Improvement in the RCA Three-Beam Shadow-Mask Color Kinescope. Proceedings of the Institute of Radio Engineers. New York, N.Y., pp 315-326.
In this article Grimes, Grimm, and Wihelm describe the advances RCA has made in the design of the all glass color kinescope type 15GP22. Over what you ask? The original prototype was not the all glass tube everyone knows and fears can't be rebuilt today. The 15GP22 design originally started life as a modified 16AP4 metal shell. The 16AP4 was a glass-metal tube that found use in b&w sets that first appeared in the late 1940's. RCA simply added a color viewing screen assembly consisting of a shadow mask + phosphor dot plate and then added a tricolor electron gun. However, RCA quickly discovered a bunch of problems inherent to glass metal tubes adopted for color use. The authors interviewed many RCA engineers and assembly line workers to write their research paper.
Maybe even the 80+ year old tech that Charles knows was interviewed. 
The authors disclose a ton of information that led to changes in materials, assembly techniques and tips for factory production. For example, tube evacuation techniques, e.g. placing the mu metal shield outside the tube to reduce outgassing, improving the tension on the shadow mask by increasing heat dissipation 2.5 times to allow for increase beam intensities to produce brighter pictures, and changes to the blue phosphor to help reduce the classic "trailing edge" effect. The authors even reveal the composition of the shadow mask and the dichromating process used to improve thermal radiation and reduce buckling. Lots of other stuff is discussed too.

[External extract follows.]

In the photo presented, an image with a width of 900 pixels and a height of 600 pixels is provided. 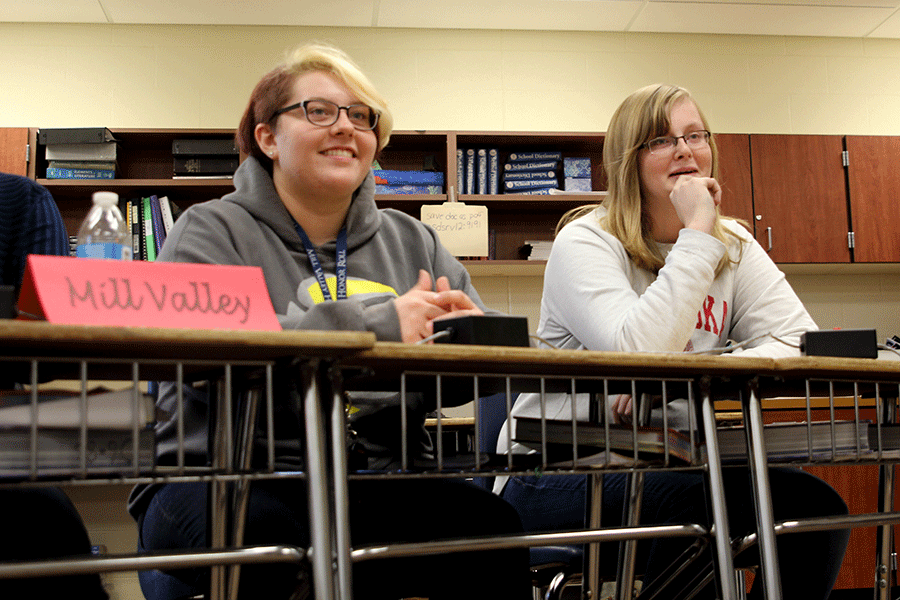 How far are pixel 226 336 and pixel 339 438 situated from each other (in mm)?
183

But the real kicker for RCA in moving to an all glass tube design was that it couldn't build the glass metal color tubes fast enough. The authors reveal that RCA management wanted a new color tube to role off the assemble line every 2.5 minutes. The 15PG22 did improve upon the modified 16AP4 in three ways: improved tube performance, parts interchangeability, and decrease in tube cost. RCA eventually lost millions on this tube because the demands of mass production were never realized. The tube also had a high mortality rate in the field. Tubes were failing after assembly or losing their vacuum after delivery in new sets or just simply sitting in inventory. So, anyone who has a working 15GP22 tube needs to understand that it is essential to VacSeal seal all vacuum joints on this tube immediately to guard against the possibility of vacuum failure in the future.

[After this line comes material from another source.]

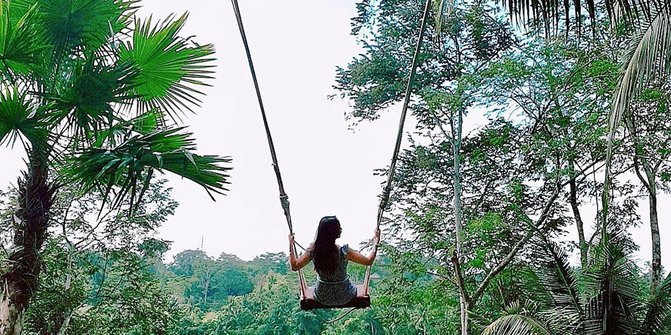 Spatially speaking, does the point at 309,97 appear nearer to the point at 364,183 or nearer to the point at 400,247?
the point at 364,183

Corning Glass Works originally manufactured the molds that made the face plate section and the cone (funnel) section of the 15GP22. Prior to assembly a metal flange is sealed onto each part separately. This was done by RCA in a refractory oven using similar techniques for b&w tubes. Glass frit is used to bond the metal flange surface to the glass at extremely high temperatures.

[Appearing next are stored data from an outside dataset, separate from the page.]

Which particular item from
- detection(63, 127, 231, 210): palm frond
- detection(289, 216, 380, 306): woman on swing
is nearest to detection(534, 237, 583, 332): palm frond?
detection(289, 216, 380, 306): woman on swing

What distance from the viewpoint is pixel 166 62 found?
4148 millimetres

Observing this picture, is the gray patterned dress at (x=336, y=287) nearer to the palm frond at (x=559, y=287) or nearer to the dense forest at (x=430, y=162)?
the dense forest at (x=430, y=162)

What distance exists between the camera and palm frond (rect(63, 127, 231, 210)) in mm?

NOTE: at this point you are only sealing metal to separate glass parts. They are not yet joined together to form a CRT. The second major assembly step was the use of a very complex jig called an assembly lighthouse. The lighthouse was used to set the mechanical position of the phosphor dot plate to the shadow mask. A special jig is also needed to secure the shadow mask to the cone section flange collet assembly at the correct tension. The phosphor dot plate was then attached to a collet assembly on the face plate section. Once the alignment was completed in the lighthouse jig the flanges of the two halves were then heli-arc welded together.
From my experience, a tri-color electron gun assembly may be substituted into a 15GP22 as long as it meets one very critical requirement: the electron beams from the gun must focus at the plane of the phosphor dot plate exactly as simulated using the small light source in the alignment lighthouse during manufacture of the original tube. This would first require precise mechanical alignment during a rebuild so that the replacement gun is attached at the correct position, and establishing the correct electron field density to focus the electron beam during operation. 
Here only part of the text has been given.